See the C++ code parallized using MPI

3x3 Domain seperation using 9 MPI processes

Multi Node Optimization using MPI and AVX

See the C++ code parallized using MPI and AVX

On the Meluxina supercomputer, the code was run with a domain size of 8192x8192 on 16 nodes featuring 2048 MPI processes (Hyperthreading turned off). The program took 16.5 seconds to converge.

GPU Implementation using CUDA

A CUDA implementation of the Jacobi iteration can be done relatively easily. As a GPU has a large number of cores, the Jacobi iteration can be parallelized by assigning each thread to a single point in the domain. Of course, such a simple implementation would is not very efficient but it is a good starting point. For a more in depth view into CUDA optimizations see the CNN CUDA project.

__global__
void jacobi(double *v, double *vp, double *f, int X, int Y){
	int tid = threadIdx.x + blockIdx.x* blockDim.x;
	// if(tid >= X*Y) return;
	int x = tid % X;
	int y = tid / X;
	if(x == 0 || y == 0 || y >= Y-1 || x >= X-1) return;
    vp[y*X+x] = -0.25 * (f[y*X+x] - (v[X*y+x+1] + v[X*y+x-1] + v[X*(y+1) + x  ] + v[X*(y-1) + x  ]));
}

The problem is calculating the error, which requires a reduction operation. To make this easier, we can use the Thrust library.

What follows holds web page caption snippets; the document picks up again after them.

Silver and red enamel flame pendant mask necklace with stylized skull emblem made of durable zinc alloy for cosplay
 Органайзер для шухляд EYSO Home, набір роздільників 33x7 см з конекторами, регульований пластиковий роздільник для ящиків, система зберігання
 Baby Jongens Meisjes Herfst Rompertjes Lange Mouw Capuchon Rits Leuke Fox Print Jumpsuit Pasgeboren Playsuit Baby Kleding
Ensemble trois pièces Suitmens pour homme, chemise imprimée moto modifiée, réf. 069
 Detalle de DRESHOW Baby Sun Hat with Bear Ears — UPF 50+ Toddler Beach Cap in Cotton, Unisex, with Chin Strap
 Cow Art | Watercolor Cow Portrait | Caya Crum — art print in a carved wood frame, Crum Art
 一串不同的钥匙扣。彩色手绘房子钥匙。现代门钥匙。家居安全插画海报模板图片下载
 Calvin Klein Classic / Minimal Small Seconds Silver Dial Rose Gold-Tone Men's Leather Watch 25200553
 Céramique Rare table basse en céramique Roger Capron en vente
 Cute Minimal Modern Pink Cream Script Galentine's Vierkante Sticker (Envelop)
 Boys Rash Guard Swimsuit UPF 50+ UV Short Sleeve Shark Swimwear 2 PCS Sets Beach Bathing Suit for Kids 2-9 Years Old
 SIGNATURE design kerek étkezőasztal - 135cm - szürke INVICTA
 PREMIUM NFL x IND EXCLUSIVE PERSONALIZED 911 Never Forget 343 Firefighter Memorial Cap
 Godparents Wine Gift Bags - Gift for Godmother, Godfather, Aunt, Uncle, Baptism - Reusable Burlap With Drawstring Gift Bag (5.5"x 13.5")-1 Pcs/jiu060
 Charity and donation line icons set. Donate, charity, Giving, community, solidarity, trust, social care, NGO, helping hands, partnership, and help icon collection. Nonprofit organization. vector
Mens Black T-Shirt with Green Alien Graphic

For an example of a reduction operation using CUDA, see the CNN CUDA project.

e = thrust::transform_reduce(&ds_thrust[0], &ds_thrust[nx * ny],absolute_value<double>(), (double) 0.0, thrust::maximum<double>());
double w = thrust::transform_reduce(&v_thrust[0], &v_thrust[nx * ny],absolute_value<double>(), (double) 0.0, thrust::plus<double>());

Alternative Iteration Algorithms

Instead of trying to optimize the Jacobi iteration, one can simply make use of other algorithms like by using the improved convergence of the Gauss iteration. As the goal of this project was to explicitly optimize the Jacobi iteration, the Gauss iteration will not be further discussed here.